Mussolini opposed this agreement and in the days leading up to the declaration of war he tries to reason Hitler out of it. It is also significant that this agreement was driven through by Hitler, not the Japanese as one would expect if it was the Axis pact that forced Hitler into war.

Hence the two simplest explanations for the invitation to join the war do not hold up to closer scrutiny IMHO.

Sparc

Sheesh! Tripartite Pact of course and strike some missed edits like double fors and so on. I should probably tell you all that I am dyslexic. Hence I am sorry if my posts are sometimes a gruelling read, but it is somewhat of a struggle for me to proof them (blessed be the powers of modern word processing though).

I will repeat, this has no bearing on Hitler’s reasons for declaring war on the US in December of 1941. The original point was that Hitler, in effect, “threw the fight” because he had decided as early as 1941 that Germany would lose and he would then prefer destruction. I’m not sure this is a Great Debate, which is supposed to be about ongoing, current affairs.

I don’t believe that what “the Nazis” were or were not aware of matters. Hitler was the controlling element and he disdained the US military in particular and our society in general. Remember, Hitler didn’t believe that the US entry into WWI was the cause of the German defeat. It was “the Jews” wasn’t it?

Let me go through this one more time. Hitler’s main battle was on the eastern front with the USSR. Any strengthening of Britain at his rear would be danger and a distraction that he couldn’t afford. The US was increasing its direct miltary aid to Britain and was protecting convoys for part of the way across the Atlantic. Direct, submarine attacks on the US escorts and merchant ships would greatly hamper such material support and lessen the threat to his rear. Any such attack would be an act of war anyway so why not just go ahead and declare war? The US had only a small and relatively weak naval presence in the Atlantic and it couldn’t be reinforced because The US fleet (in Hitler’s mind) had been virtually destroyed at Pearl Harbor. The US Army was a military nonentity. Everything in December of 1941 looked like it was coming up roses for Hitler so it is a collossal stretch to claim that even then he assumed Germany would be destroyed and declared war on the US to assure that that would happen.

Why does is follow that because the Tripartite Pact was strengthened that it wasn’t among the reasons that Hitler declared war on the US?

How does Mussolini opposing the Pact support the claim that Hitler declared war on the US to insure the destruction of Germany?

It seems to me that Hitler declared war on the US for what to him were good reasons. I might get a copy of Haffner’s book although this whole question is hypothetical and not of any great importance today except as an illustration of a postmodern mishmash.

Hitler didnt think the war was lost until very late on. Im pretty sure that the German economy didnt even go onto an all-out war footing until 1943.

Nazism aim is to ensure the supremacy of the Aryan Race by destroying the Jewish Enemy and gaining Lebensraum in the East.

Hitler totally underestimated the US. Declaration of war was a gesture.

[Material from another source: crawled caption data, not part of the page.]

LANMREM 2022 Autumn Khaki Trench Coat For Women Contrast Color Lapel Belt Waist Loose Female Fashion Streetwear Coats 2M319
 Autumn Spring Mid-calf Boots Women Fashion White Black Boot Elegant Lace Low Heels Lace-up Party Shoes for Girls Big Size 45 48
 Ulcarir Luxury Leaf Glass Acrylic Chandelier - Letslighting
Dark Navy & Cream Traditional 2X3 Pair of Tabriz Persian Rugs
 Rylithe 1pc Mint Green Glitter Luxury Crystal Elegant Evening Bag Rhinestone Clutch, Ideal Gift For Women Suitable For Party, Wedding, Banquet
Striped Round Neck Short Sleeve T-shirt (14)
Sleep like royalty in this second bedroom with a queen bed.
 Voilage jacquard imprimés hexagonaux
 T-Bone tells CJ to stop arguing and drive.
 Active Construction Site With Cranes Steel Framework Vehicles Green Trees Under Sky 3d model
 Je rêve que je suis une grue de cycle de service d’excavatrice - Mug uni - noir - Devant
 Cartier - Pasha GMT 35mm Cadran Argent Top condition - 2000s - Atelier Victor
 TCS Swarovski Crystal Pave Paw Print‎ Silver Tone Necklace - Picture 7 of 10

Basically Hitler saw the other Western Europeans and Scandinavians as fellow Aryans - but tainted and misled by Jewish influences. So in the long run a blond blue eyed Frrenchman or Brit or Norwegian would be part of the Aryan Utopia.

Uh?

Maybe I misunderstood the forum subtitle then… IMHO this is one of the “great questions of our time” as it touches upon the how and why of a huge tragedy (maybe the ‘hugest’ humanity ever knew) which many people are still impacted by in everyday life, especially here in Europe and even more so here in Germany. But then again; who am I to say – maybe we should just stop then, or?